The Mike Berry produced, mono-phased dancer ‘Sweetness’ by Boneshaker is infectious whilst the oddly named Things Fall Apart’s ‘Bye Bye Rose’ supplies the crudest fuzz tone guitar imaginable on a British ’70s record. Dynasty’s ‘Tutankhamun’ is a ’72 cash-in on the exhibition of that year but it’s still a cool bubblegum sound.
The sound quality leaves something to be desired but then that’s boots for you.
Paul Martin
VARIOUS ARTISTS
Ghana Special, Modern Highlife, Afro-Sounds & Ghanian Blues 1968-81
Soundway 2-CD/5-LP
Back again and over the boarder to Ghana, Soundway have not only given us another reason to intrepidly explore but have also granted us a complete dissection of Afro-soul and style. Instantly recognisable is that big band beat ethos which frames the indigenous rhythms of Ghanaian musical endeavour naturally. Whether it’s taking the soulful brass from Soul Sound System (‘Akoko Ba’ by Gyedu-Blay Ambolley & His Creations), or translating guitar parts originally lifted by Eddie Hazel or The Fame Gang for Clarence Carter (The Ogyatanaa Band), these sounds are lured south of the equator and presented in undiluted form. Hammering home the real feel of afro-soul, dancehall blues and the sweat of pure immersion.

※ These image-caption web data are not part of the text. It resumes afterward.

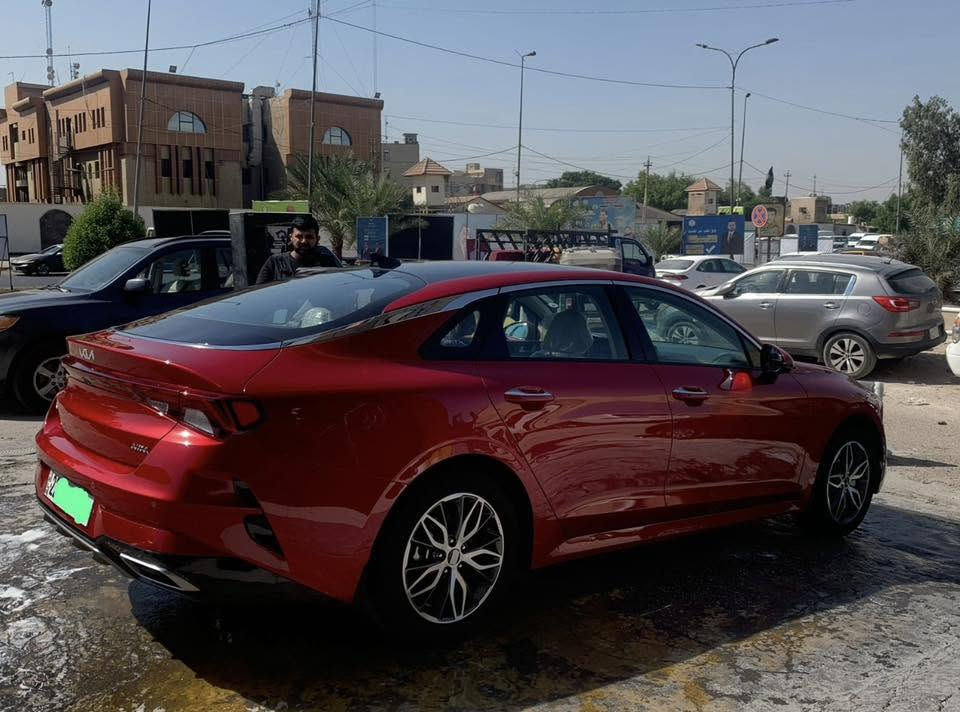 السلام عليكم
للبيع كيا K5 2023 مغلفة ppf جديد ضمان كل 6 اشهر

الممشى 70 ألف كم

خليجي وكالة NIM / كفالة عامة
حالة ممتازة جداً

المواصفات:
محرك 2000 دوش 
كير أوتوماتيك
كاميرا خلفية
حساسات أمامي وخلفي
شاشة + Apple CarPlay
بانوراما
قطعتين تبريد 
تشغيل عن بعد 
بصمه 
مري شفط 
اشاير بالمري  
الكشنات الاماميه تدفئه 

للاستفسار ***********
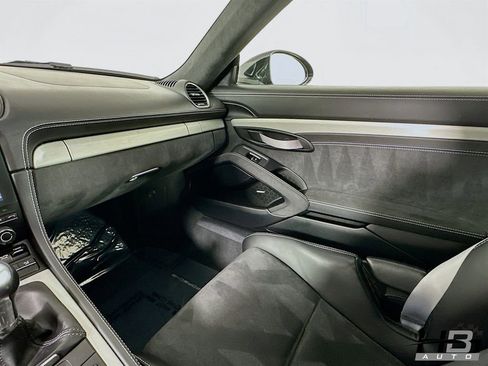 Used 2020 Porsche 718 Cayman GT4 image 17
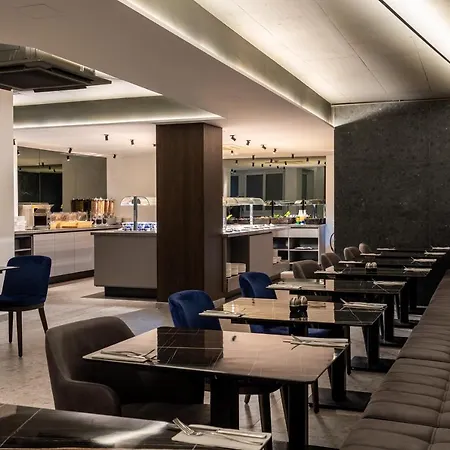 Alavits By St 3*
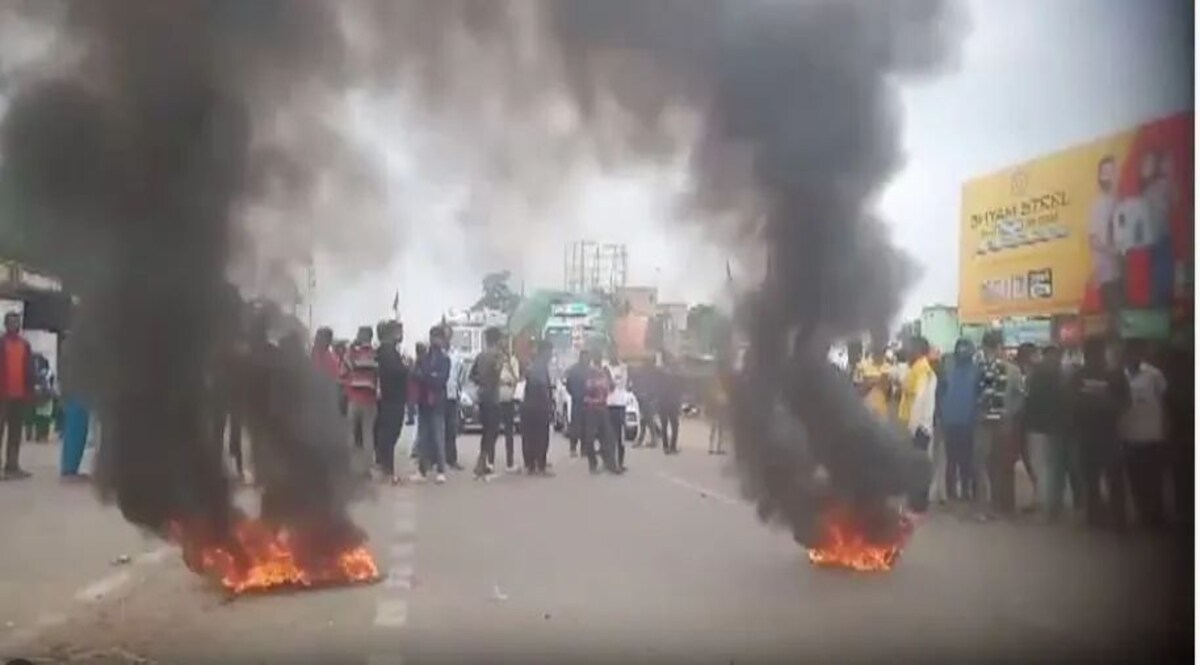 झारखंड के रांची के एक गांव के पांच मंदिरों में मूर्तियां मिली खंडित, स्थानीय लोगों में आक्रोश, जाम लगाया जांच जारी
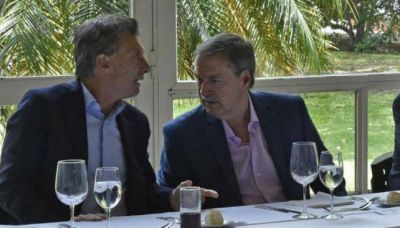 Schiaretti le pidi� a Macri tender la red de fibra �ptica con los gasoductos
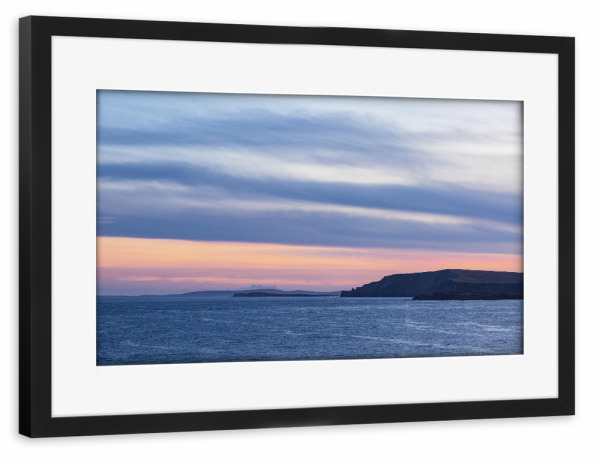 Poster mit Rahmen schwarz "Shetlandinseln am Abend" artboxONE - Natur,Reise,Reise / Strand und Meer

This isn’t just a sweeping overview of the genre either. Whether it’s the 5-LP vinyl boxset or double CD hardback case-bound book, without this you aren’t going to get anywhere near to understanding what made Ghana so special.
Richard S Jones
VARIOUS ARTISTS
Sweet Surrender: Ember Pop 1970-78
Ember CD
www.futurenoisemusic.com
This companion volume to Rainy Day Mind: Ember Pop 1969-1974 (reviewed last issue) once again gathers near-misses from that point in time when the middle of the road briefly took rock to its red velvet bosom.
US singer Polly Niles’ throaty versions of Stephen Stills’ Buffalo Springfield favourite ‘For What It’s Worth’ and Neil Young’s ‘I Am A Child’ are two wonderful choices. Avengers star Linda Thorson sings the rather shaky but engaging Kenny Lynch production ‘Wishful Thinking’ and the rather bootifully clad Mother Trucker get funky with ‘Explosion In My Soul’ and ‘Wrap It Up’.
Many tracks may well be just spare sides from the previous comp and duds from The New Faces, Nikki Richards, Paula Knight and Mahogany certainly don’t help.
But we do get the brilliant schmaltzy Fading Yellow styled two-sider, Robin’s ‘Back On Watership Down’ and ‘To My Surprise’.